I never thought Id like another quartzx but this is a pick up and wear watch of the highest order... hard to come by these days as discontinued but originally sold on the bay for next to nowt...


----------



## Running_man (Dec 2, 2005)

Great pictures Jon, especially the underwater one. Great looking watch too.









Andrew.


----------



## JonW (Mar 23, 2005)

Thanks mate, It sort of looks like the water is missing the watch... I took lots of these but this seemed the best of them... I was trying to shade the sunlight as well as stop the camera getting wet... scary!


----------



## Mothman (Oct 11, 2005)

Great photos John. I love those Orsa Pro divers, but like you say they are now not easy to come by. I especially like the orange version and I hope to acquire one in the future.

Richard


----------



## JonW (Mar 23, 2005)

Thanks Richard, much appreciated. Yes a few months back you saw them all over the forums and now its all wanted ads... Im considering sending this one off for a lumpy relume in orange and blue... hey Im a man of poor taste!

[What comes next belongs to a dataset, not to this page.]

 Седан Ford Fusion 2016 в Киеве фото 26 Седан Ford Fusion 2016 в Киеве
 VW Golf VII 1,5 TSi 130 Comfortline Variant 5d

PS cheers for the edit Jase. much appreciated!


----------



## r1ch (Feb 2, 2004)

Cool pics Jon







Watch nice as well of course..

Rich


----------



## dapper (Jun 18, 2004)

Kronos are pretty good, too









I think the chap who makes them, Ray Wong, used to make the Orsas for Berg.


----------



## JonW (Mar 23, 2005)

He did indeed and then I think he also made a few Orsas after him and Berg went their seperate ways much to the chagrin of Berg or so i read... ooops...


----------